Fot.1 – Miejsce katastrofy kolejowej
Fot.2 – Przyjazd pierwszych służb na miejsce akcji
Powyższe zdarzenie to na szczęście tylko ćwiczenia zgrywające, w których udział wzięli: straż pożarna, pogotowie ratunkowe, policja, straż ochrony kolei, wojewódzki sztab antykryzysowy, inspektorat środowiska oraz Zakład Linii Kolejowych. Do ćwiczeń zmobilizowano maksymalną liczbę osób i środków technicznych.
Fot.3 – Gaszenie płonącej cysterny
Pierwsi do działań przystąpili strażacy, którzy wokół płonącej cysterny stworzyli kurtynę wodną, która zabezpieczyła miejsce działań przed wysoką temperaturą. Niemal w tym samym czasie brygada antyterrorystyczna sprawdziła czy na terenie katastrofy nie ma ładunków wybuchowych, gdyż zachodziło podejrzenie ataku terrorystycznego.

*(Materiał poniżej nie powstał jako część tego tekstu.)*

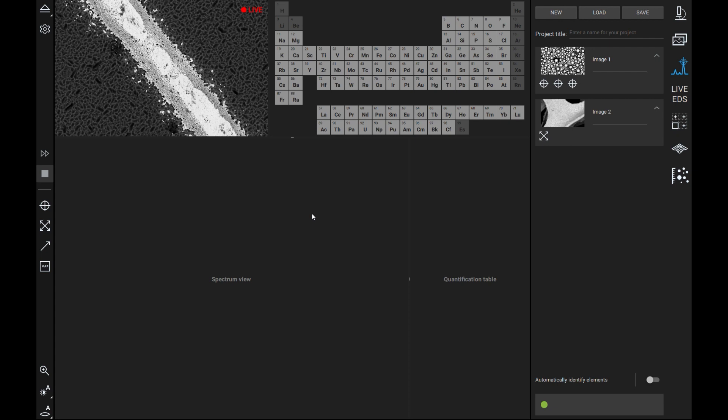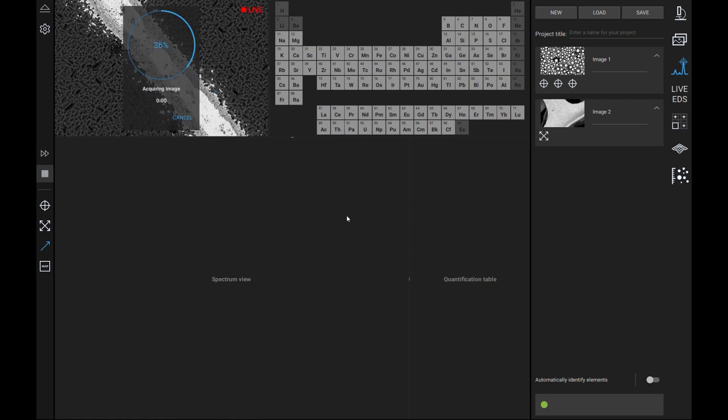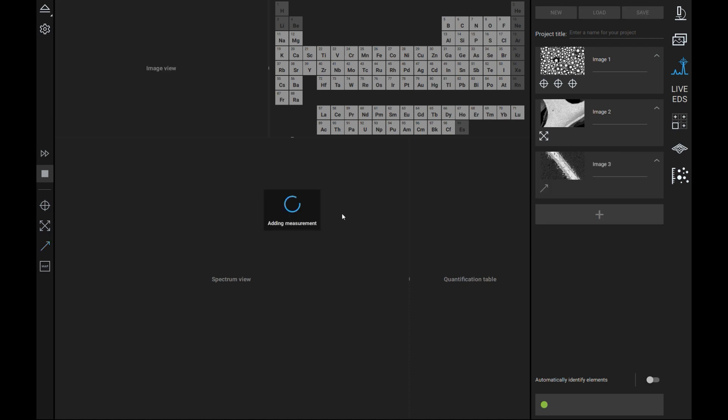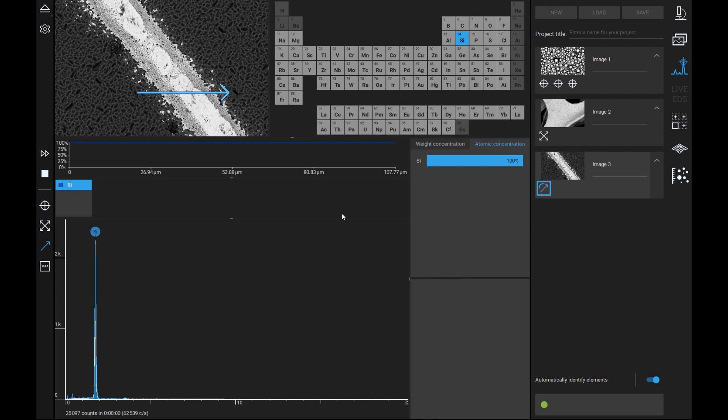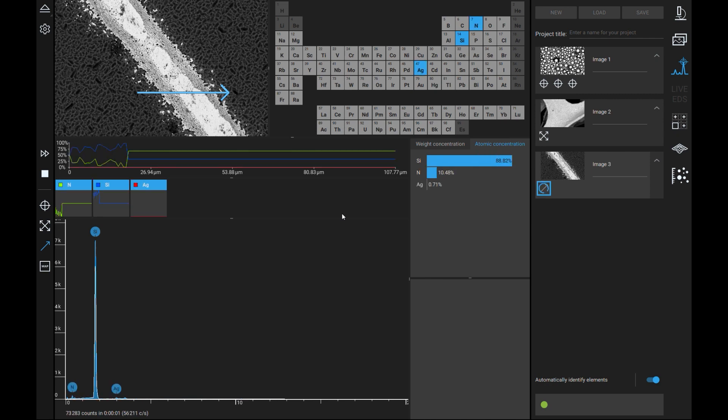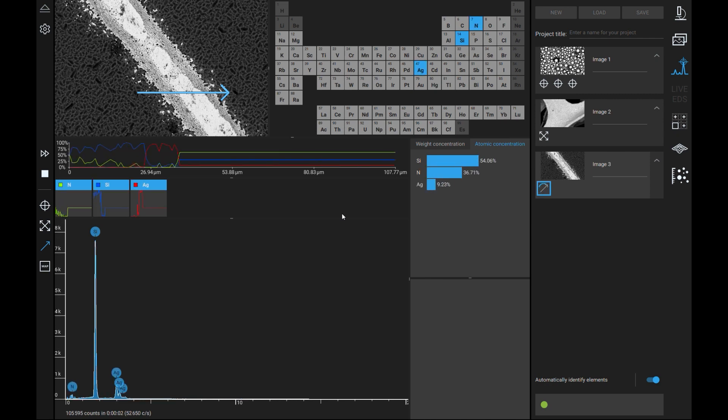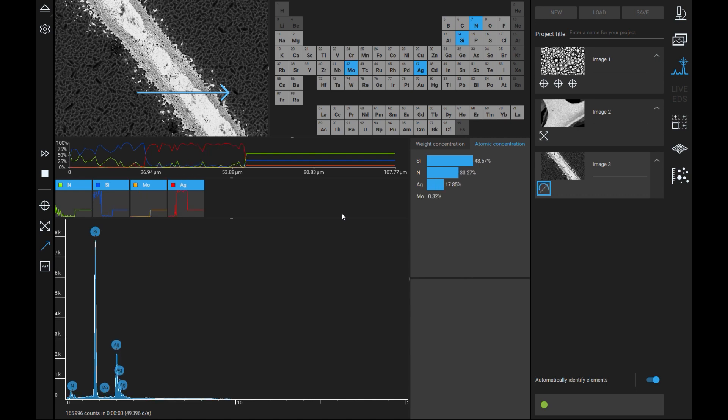EDS line scan is slightly different from the previous two analyses as it has the capability to visually show the change in elemental composition across a designated line. By selecting the line icon on the left the user can draw a straight line across the image by left clicking and dragging. Once drawn the electron beam will then pass over that line and the software will display both the ratio of each identified element in the form of a line graph and the overall spectra.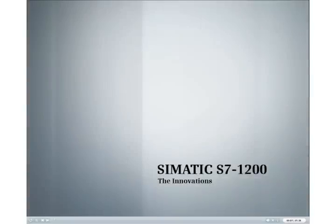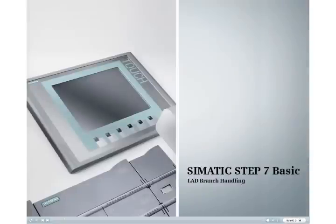Discover the new Simatic S7-1200 innovation. This podcast provides an overview of programming branches in ladder logic.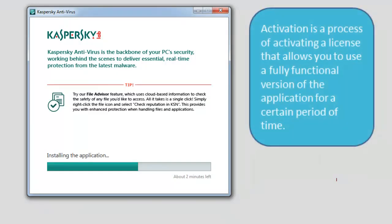Activation is a process of activating a license that allows you to use a fully functional version of the application for a certain period of time.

Fot.4 – Specjalna kurtyna wodna, zabezpieczająca okolice katastrofy przez wysoką temperaturą
Gdy teren okazał się „czysty”, do akcji przystąpiły służby medyczne, po wstępnym opatrzeniu rannych, przeniesiono ich do specjalnego namiotu medycznego. Stamtąd ranni przewożeni byli do szpitali.
Fot.5 – Służby medyczne udzielające pomocy poszkodowanym
Fot.6 – Ranni przewożeni byli do rzeszowskich szpitali
Po ugaszeniu pożaru cysterny, do działań przystąpili strażacy z ratownictwa chemicznego, którzy usunęli resztki szkodliwych substancji, a następnie Inspektorat Ochrony Środowiska, który zbadał skażenie okolicy katastrofy.
Na sam koniec teren został zabezpieczony przez techników kryminalistyki, celem wyjaśnienia przyczyn katastrofy. Po ćwiczeniach wykolejone wagony uprzątnął dźwig EDK1000/2 Zakładu Linii Kolejowych w Rzeszowie.